"Meeting at Night" makes frequent use of alliteration and consonance. Generally, this is part of an overall strategy to build a sense of atmosphere and anticipation throughout the poem.
The first obvious example of alliteration is in line 1. In this line, the lolling /l/ of "long" and "land"—which also chime with the /l/ in "black"—create the sense of a huge, imposing landscape. The "volume" of the sound—the degree to which it imposes itself on the line—emphasizes the way in which the surrounding geography imposes itself on the speaker's experience while journeying to this meeting; in other words, the speaker can't avoid trekking through this landscape, and the insistent /l/ sound is a sonic reminder of that fact.
In the following line, the yellow moon is described as "large and low." The alliterative /l/ sound picks up on the /l/ sound found elsewhere in this line (i.e., in "yellow") and the first line. As with the previous example, the alliteration helps to create the poem's mysterious nocturnal atmosphere. The line is once again dominated by the /l/ sound, which has already been linked with the imposing landscape.
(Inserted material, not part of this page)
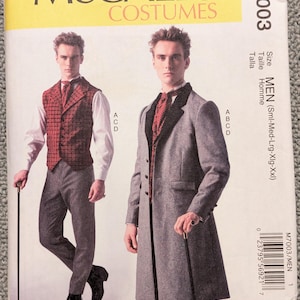 Cartamodello per costumi McCall's 7003, costume storico da gentiluomo, gilet, cappotto, pantaloni, cravatta da uomo, taglie dalla S alla XXL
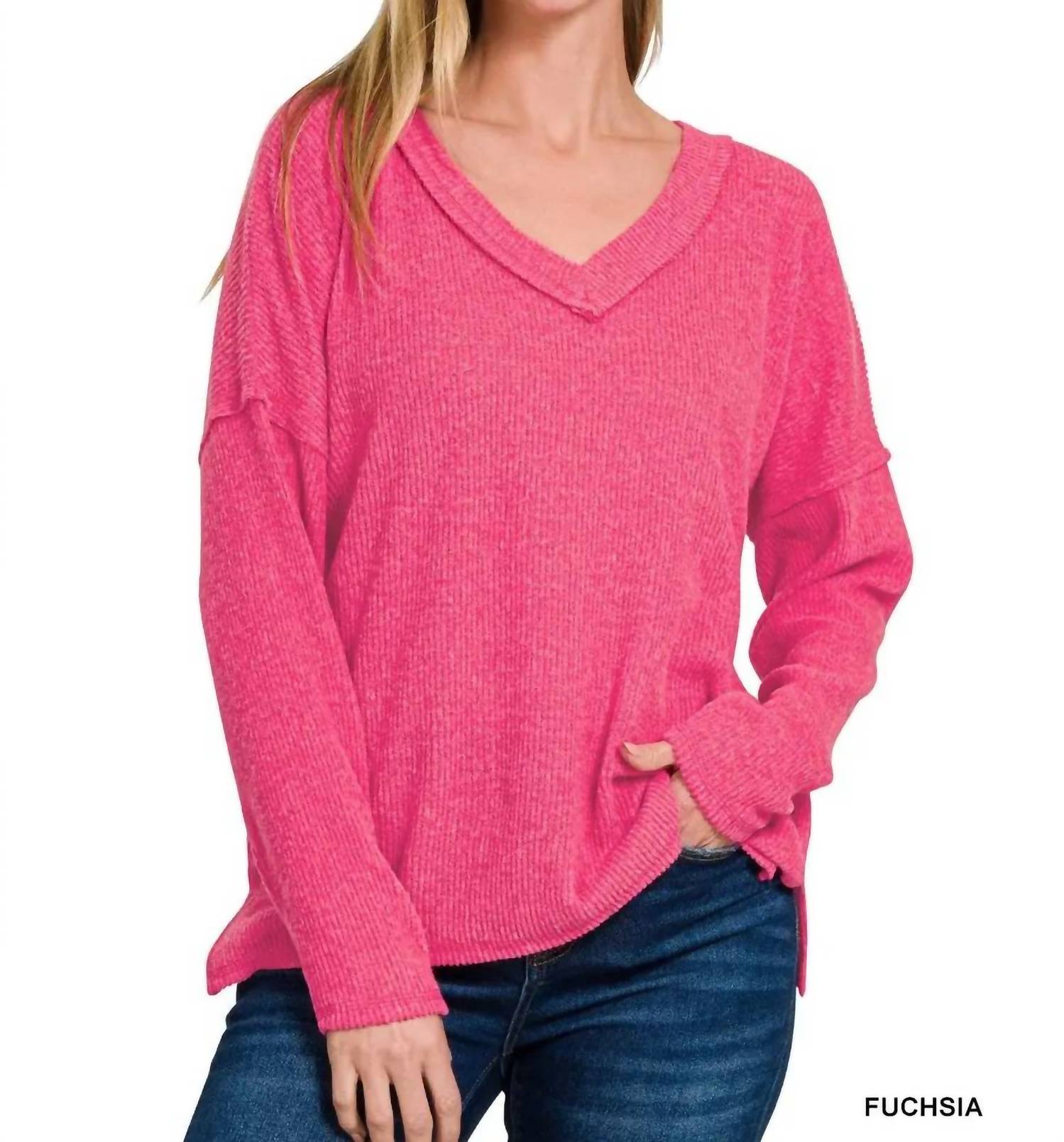 42Pops - Ribbed V Neck Drop Shoulder Sweater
The very same sounds repeat again in the third line (also combining via consonance with "startled"). Here, "little waves ... leap." This alliteration is more about creating a sense of small and sudden movement, with the /l/ sounds "leaping" between the different stages of the line.
Later, line 5's alliterative /p/ suggests physical effort, the plosive sound causing the reader's mouth to exhale almost as if from exhaustion. It also suggests doggedness and determination as the speaker is "pushing" the "prow" (part of a boat) to shore.
The following line uses alliterative /s/ sounds—also known as sibilance—to try to replicate the sound of the thing that it's describing. The speaker is pushing their boat through "slushy sand," making a squelchy wet sound mimicked by the sibilance.
Yet another example of meaningful alliteration occurs when, in line 8, "fields" is linked with "farm." Apart from linking two nouns that are both related to agriculture, the alliteration here also creates the sense that the speaker is passing through separate stages of the journey. That is, the two /f/ sounds read like markers along the route to this meeting.